Synopses & Reviews
Aeschylus' Agamemnon, the first play in the Oresteia trilogy, is one of the most influential theatrical texts in the global canon. In performance, translation, adaptation, along with sung and danced interpretations, it has been familiar in the Greek world and the Roman empire, and from the Renaissance to the contemporary stage. It has been central to the aesthetic and intellectual avant-garde as well as to radical politics of all complexions and to feminist thinking.
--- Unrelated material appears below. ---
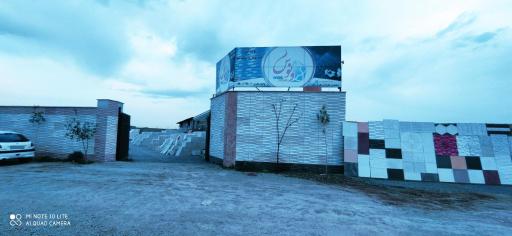 عکس ونوس استون 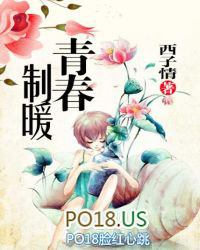 ����С˵:�ഺ��ů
Contributors to this interdisciplinary collection of eighteen essays on its performance history include classical scholars, theatre historians, and experts in English and comparative literature. All Greek and Latin has been translated; the book is generously illustrated, and supplemented with the useful research aid of a chronological appendix of performances.
About the Author
Fiona Macintosh is Senior Research Fellow at the Archive of Performances of Greek and Roman Drama, University of Oxford.
Pantelis Michelakis is Lecturer in Classics, University of Bristol, and Honorary Fellow, Archive of Performances of Greek and Roman Drama, University of Oxford.
Edith Hall is Leverhulme Professor of Greek Cultural History at the University of Durham, and Co-Director of the Archive of Performances of Greek and Roman Drama, University of Oxford.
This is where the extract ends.